The million-dollar question is, of course, how much of the everyday client-side scripting tasks genuinely depend on the full range of JavaScript's linguistic expressivity? That would have to be tested, but my gut says virtually none of them. In the 15 years I've been using JavaScript, I don't think I've once written anything crazier than completely deterministic DOM-schlepping. That could be replaced easily with a total-functional language, in fact it could be replaced with something even more restrictive.

The next big question is how computationally expensive would the code analysis be? If it's cheap, it could be done à la carte, but if it's costly, we'd have to figure out some sort of resource pooling, some interchange format for the proofs (which would probably be useful anyway), and some sort of crypto signature thingy (of which there are plenty, it's just a matter of ironing out the details). The predicates themselves—the questions does this code do only this or that—should also be shareable just like ad-blocking profiles are today.

But the point is, this is totally doable. The theory is sound, there's high-profile demand for it, and one could just write the reference implementation as a patch against both WebKit and Gecko, obviating any excuses not to immediately put it into no fewer than three major browsers right off the bat. So, who's with me?

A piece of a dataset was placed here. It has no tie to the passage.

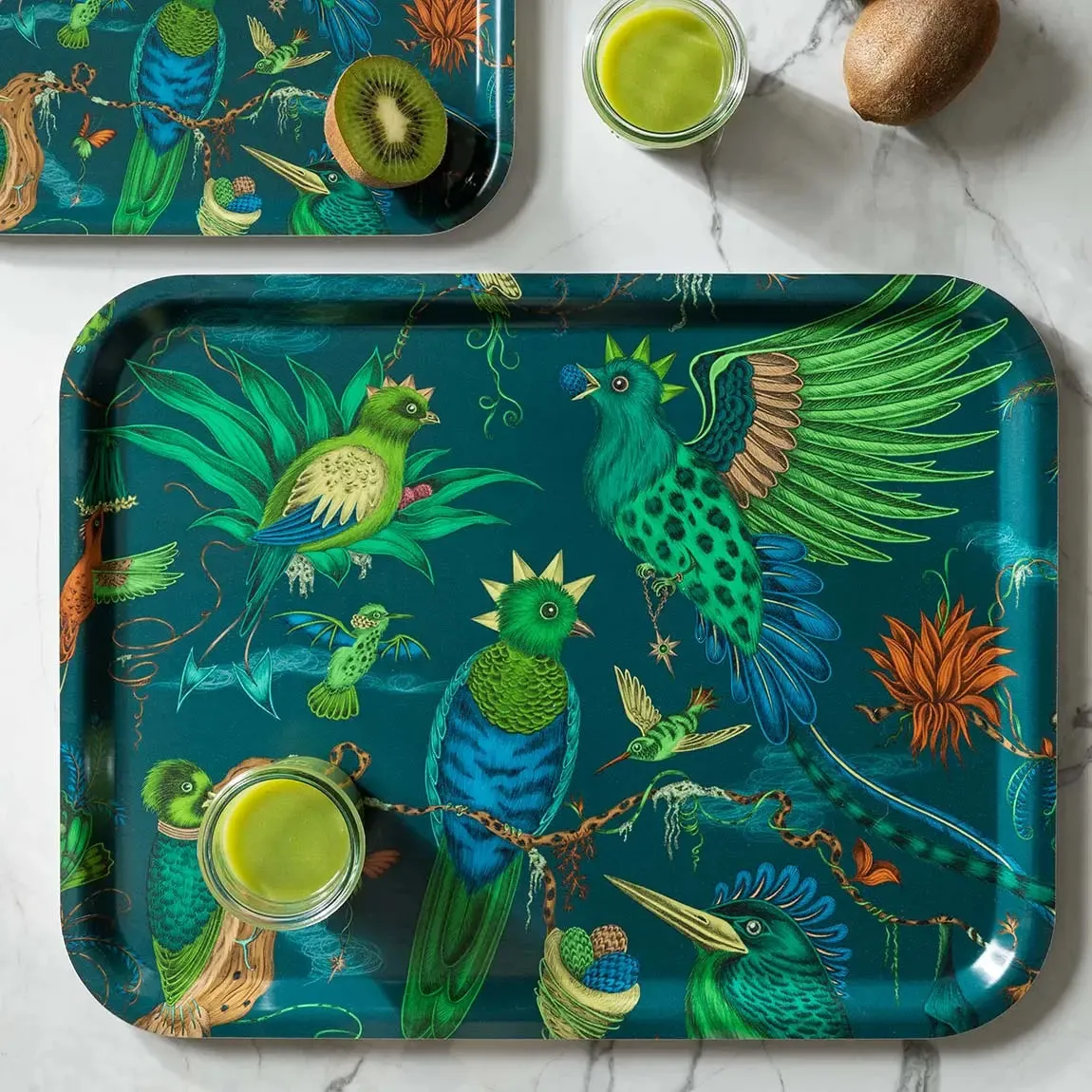 Quetzal Rectangle Tray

Note: I'm not suggesting replacing JavaScript outright, but rather complementing it. In fact, it would be useful to start out with some sort of CoffeeScript-style quasi-compiler that produced JavaScript. This would enable the development of a prototype and test harness. Likewise, the proving engine would take the TFP source as input. Once all of that is sorted out, we could move to a native engine that would live in the browser alongside the JavaScript one, which would be triggered by a MIME type, just like Microsoft did with VBScript.